WHAT IS NEEDED: Where the records below reach the line containing "Always On Tour", start transcribing, and end with the line containing "Cover image for I am not a clicker", exactly and with nothing else added.

ENTRIES SUPPLIED:
┌──

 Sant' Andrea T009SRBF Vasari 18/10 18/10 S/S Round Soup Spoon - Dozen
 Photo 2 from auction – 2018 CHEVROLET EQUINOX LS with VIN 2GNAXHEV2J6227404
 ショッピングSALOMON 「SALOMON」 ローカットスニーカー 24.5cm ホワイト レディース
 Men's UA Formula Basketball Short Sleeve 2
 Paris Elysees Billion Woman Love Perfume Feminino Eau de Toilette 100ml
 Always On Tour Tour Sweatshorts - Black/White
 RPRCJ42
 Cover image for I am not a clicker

└──
┌──

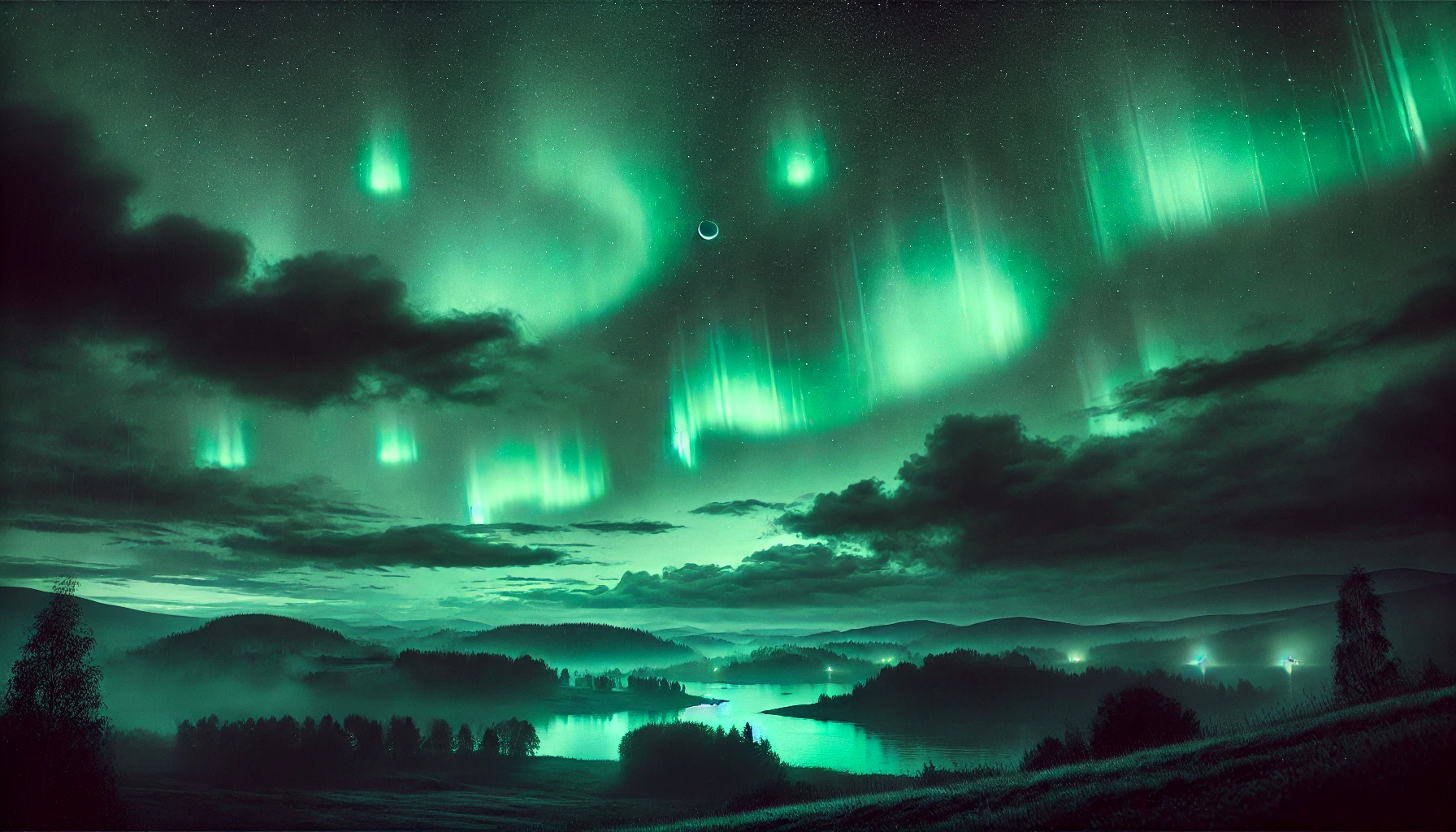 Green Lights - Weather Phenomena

└──
┌──

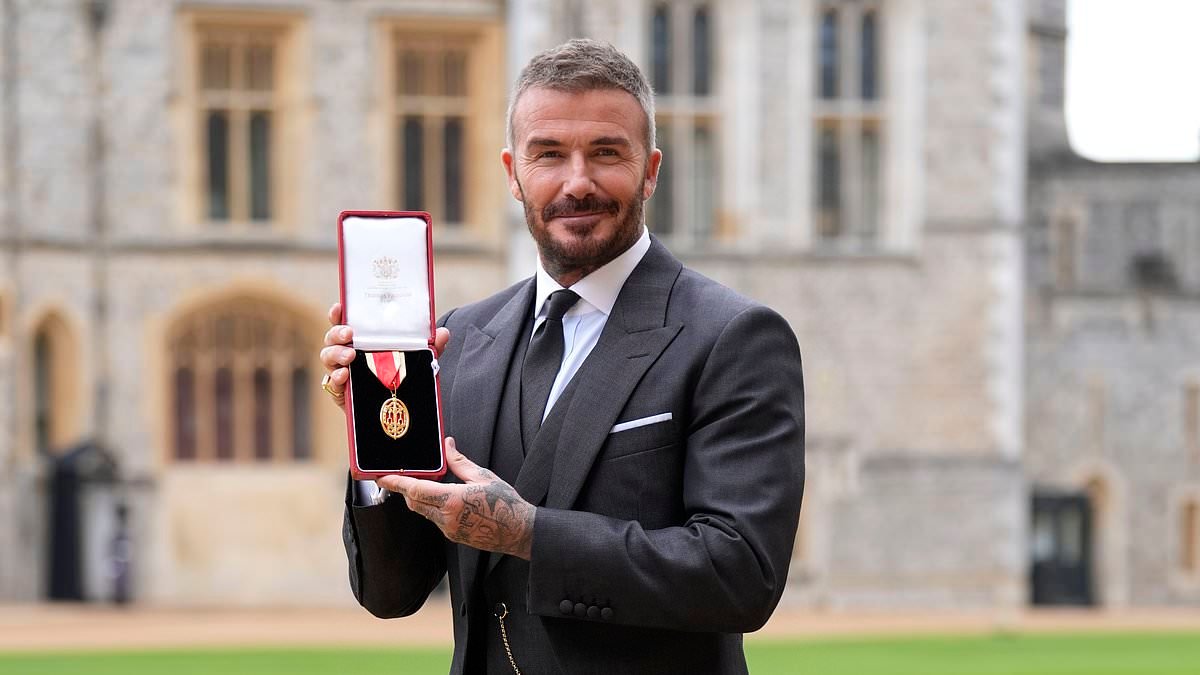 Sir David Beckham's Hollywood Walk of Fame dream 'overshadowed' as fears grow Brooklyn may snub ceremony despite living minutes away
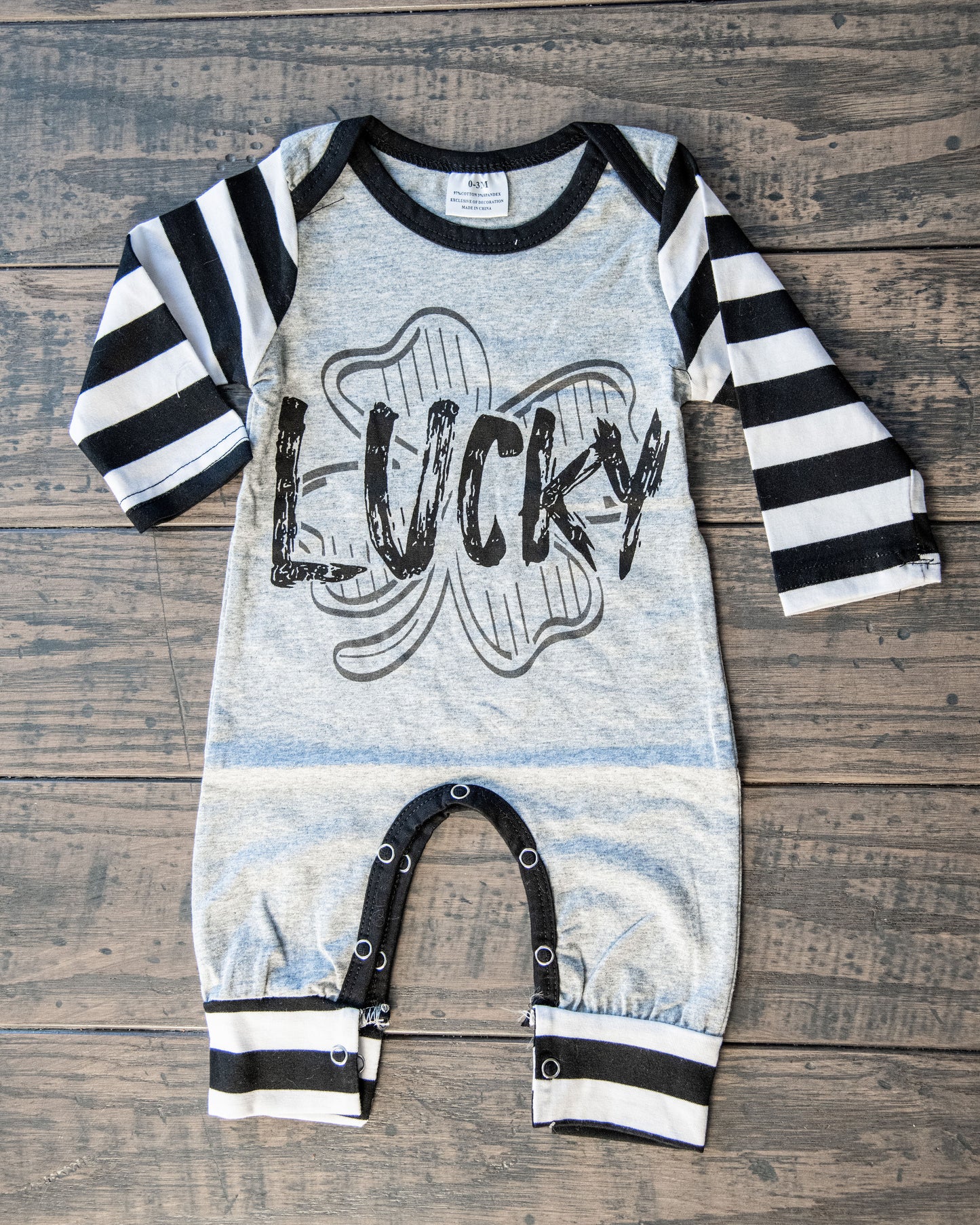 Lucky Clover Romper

└──

ANSWER BELOW:
 Always On Tour Tour Sweatshorts - Black/White
 RPRCJ42
 Cover image for I am not a clicker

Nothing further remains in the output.